ScreenCaptureManager captures a user-selected screen region using macOS's built-in screencapture tool, invoked via AppleScript.

Why AppleScript?¶

macOS ties TCC (Transparency, Consent, and Control) permissions — including Screen Recording — to the binary path. This creates a problem during development: every Xcode rebuild produces a new binary at a different path, invalidating the Screen Recording permission grant.

By running screencapture via AppleScript's do shell script, the capture executes as an independent process with its own TCC context:

do shell script "/usr/sbin/screencapture -i -s '/path/to/output.png'"

The -i flag enables interactive mode (like Cmd+Shift+4) and -s restricts to selection mode. The user draws a rectangle, and the screenshot is saved to the specified path.

Capture Flow¶

Generate a unique temp file path: {tempDir}/mathy_capture_{UUID}.png
Run the AppleScript via NSAppleScript on a background queue (DispatchQueue.global)
User draws a selection rectangle on screen
If the file exists after the script returns (user didn't cancel):
- Copy to persistent storage: ~/Library/Application Support/Mathy/images/capture_{timestamp}.png
- Delete the temp file
- Return the persistent URL
If no file exists (user pressed Escape): return nil

The entire operation uses withCheckedContinuation to bridge to async/await.

Image Storage¶

Captured images are stored persistently at:

~/Library/Application Support/Mathy/images/capture_{timestamp}.png

These files are referenced by ConversionRecord.imagePath and displayed in the preview popup.

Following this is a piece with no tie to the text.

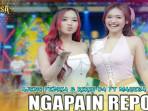 Lirik-Lagu-Ngapain-Repot-by-Ajeng-Febria.jpg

When history entries are deleted (individually or via "Clear All"), the associated image files are also removed from disk.

OCR Service¶

OCRService is the HTTP client that sends captured images to the local Python server for LaTeX recognition.

Request Format¶

POST http://127.0.0.1:8765/predict
Content-Type: multipart/form-data; boundary={uuid}
Timeout: 30 seconds

--{boundary}
Content-Disposition: form-data; name="file"; filename="capture.png"
Content-Type: image/png

{binary image data}
--{boundary}--

The multipart body is constructed manually (no third-party HTTP library). A UUID is used as the boundary string.

Response Handling¶

Success (200):

{"latex": "\\frac{a}{b}"}

The latex field is extracted and returned as a String.

Errors:

Code	Meaning	Handling
400	Invalid image	Throws `OCRError.serverError(detail)`
503	Model not loaded	Throws `OCRError.serverError(detail)`
500	Prediction failed	Throws `OCRError.serverError(detail)`
Network error	Server unreachable	Throws underlying `URLError`

Error responses are decoded from {"detail": "..."} when available, with a fallback to a generic HTTP status code message.

Error Types¶

enum OCRError: Error {
    case invalidResponse    // Non-HTTP response
    case httpError(Int)     // Non-200 status (fallback)
    case serverError(String) // Detailed error from server
}

Integration¶

OCRService is called from AppState.startCapture(). Errors are caught and printed to console but not shown to the user (the capture simply appears to fail silently). The service uses URLSession.shared.data(for:) with native async/await — no callbacks or Combine.